Si tenemos en cuenta estas clasificaciones, es evidente en qué grupo hay que situar a Pierre Manent (Toulouse, 1949), uno de los pensadores más interesantes de hoy. De hecho, quizá su principal contribución haya sido la de rebatir, casi sin pretenderlo, la propensión cientificista, cuyo discurso, aunque importante, no deja de ser superficial. Dicho de otro modo: no se puede decir que el marketing electoral, la comunicación política o la estrategia partidista sean temas de ínfimo valor, pero si no nos empeñamos en alzar el vuelo –si no nos replanteamos el bien humano, el anclaje antropológico de la política o la ferviente pugna entre la pasión y la ley moral–, no podremos salir del atolladero ideológico en que nos encontramos.

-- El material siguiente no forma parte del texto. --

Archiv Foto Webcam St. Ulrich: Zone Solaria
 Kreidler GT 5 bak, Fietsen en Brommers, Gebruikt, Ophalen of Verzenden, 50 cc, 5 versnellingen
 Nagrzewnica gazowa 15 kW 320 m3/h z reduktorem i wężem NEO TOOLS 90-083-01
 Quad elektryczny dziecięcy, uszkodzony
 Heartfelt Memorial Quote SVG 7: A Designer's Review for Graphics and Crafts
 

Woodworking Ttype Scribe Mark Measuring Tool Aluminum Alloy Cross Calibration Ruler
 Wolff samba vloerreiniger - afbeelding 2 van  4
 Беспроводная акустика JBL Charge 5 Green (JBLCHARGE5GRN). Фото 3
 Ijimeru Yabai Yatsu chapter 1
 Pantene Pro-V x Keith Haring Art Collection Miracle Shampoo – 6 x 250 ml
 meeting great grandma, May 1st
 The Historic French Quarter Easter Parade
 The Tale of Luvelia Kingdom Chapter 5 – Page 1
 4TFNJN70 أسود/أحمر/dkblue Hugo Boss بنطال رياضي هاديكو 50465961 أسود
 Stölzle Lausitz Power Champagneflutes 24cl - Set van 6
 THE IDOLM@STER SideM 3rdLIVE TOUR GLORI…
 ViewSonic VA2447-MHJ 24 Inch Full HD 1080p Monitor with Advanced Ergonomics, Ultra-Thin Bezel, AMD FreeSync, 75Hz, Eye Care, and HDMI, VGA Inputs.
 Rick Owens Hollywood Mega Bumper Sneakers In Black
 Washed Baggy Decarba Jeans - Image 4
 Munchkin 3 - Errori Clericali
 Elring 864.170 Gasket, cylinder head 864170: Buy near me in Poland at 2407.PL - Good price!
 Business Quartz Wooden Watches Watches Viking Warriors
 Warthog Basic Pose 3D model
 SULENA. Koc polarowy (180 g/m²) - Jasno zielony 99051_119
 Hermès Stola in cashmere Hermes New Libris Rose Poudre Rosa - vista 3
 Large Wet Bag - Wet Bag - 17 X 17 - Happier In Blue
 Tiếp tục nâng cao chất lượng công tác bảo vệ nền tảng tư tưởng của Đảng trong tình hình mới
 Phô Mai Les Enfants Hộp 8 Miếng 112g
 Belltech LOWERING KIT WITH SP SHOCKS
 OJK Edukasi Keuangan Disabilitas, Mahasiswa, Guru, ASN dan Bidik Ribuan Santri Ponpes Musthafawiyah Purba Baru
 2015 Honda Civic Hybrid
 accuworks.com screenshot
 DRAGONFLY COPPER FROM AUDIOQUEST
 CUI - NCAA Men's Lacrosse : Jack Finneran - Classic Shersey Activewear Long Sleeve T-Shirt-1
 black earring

Manent reivindica la política no tanto como saber especializado, sino como praxis prudencial. A su juicio, si andamos desencaminados es por un error de base metodológica, que transformó lo político en un campo ancho y abierto para la técnica, para la dominación. Por esos desaguaderos epistemológicos se nos fue la naturaleza. Y, al cabo del tiempo, también el bien y la justicia. El pensador francés nos narra aquí la historia de este abandono y lleva al lector, reflexión tras reflexión, cita tras cita, de la polis clásica hasta la contemporánea y asfixiante burocracia estatal.
El primado de la técnica otorga, inexorablemente, un plus al artificio. La posmodernidad avanza un poco más: no solo conocemos lo que creamos; ahora somos fruto de nuestra propia voluntad. Los derechos humanos nacen ahí: no son expresiones o encarnaciones de fines naturales, sino que recogen el infinito anhelo de un animal siempre insatisfecho. O sea, meros deseos. Con valentía, Manent cuestiona el ideal de autonomía, que aleja al ser humano de Dios y, al mismo tiempo, lo desnaturaliza. Lo que se descubre, a la postre, es que para ahondar en la política se requiere, antes que nada, despejar los misterios de lo humano y saber a qué aspiramos como personas.
Los disparos de Manent dan en el blanco: el ensayo es un ataque a la línea de flotación de la filosofía política posmoderna, en el que, sin prejuicios, se reivindica la ley natural como una síntesis de las aspiraciones humanas más arraigadas y objetivas. Si perdemos de vista eso que estamos llamados a ser, ¿qué criterio nos queda para enjuiciar el ordenamiento jurídico? Manent repasa algunos fenómenos recientes –el matrimonio homosexual, la política identitaria, la eutanasia…– para explicar qué hay detrás de todos ellos y proponer replanteamientos.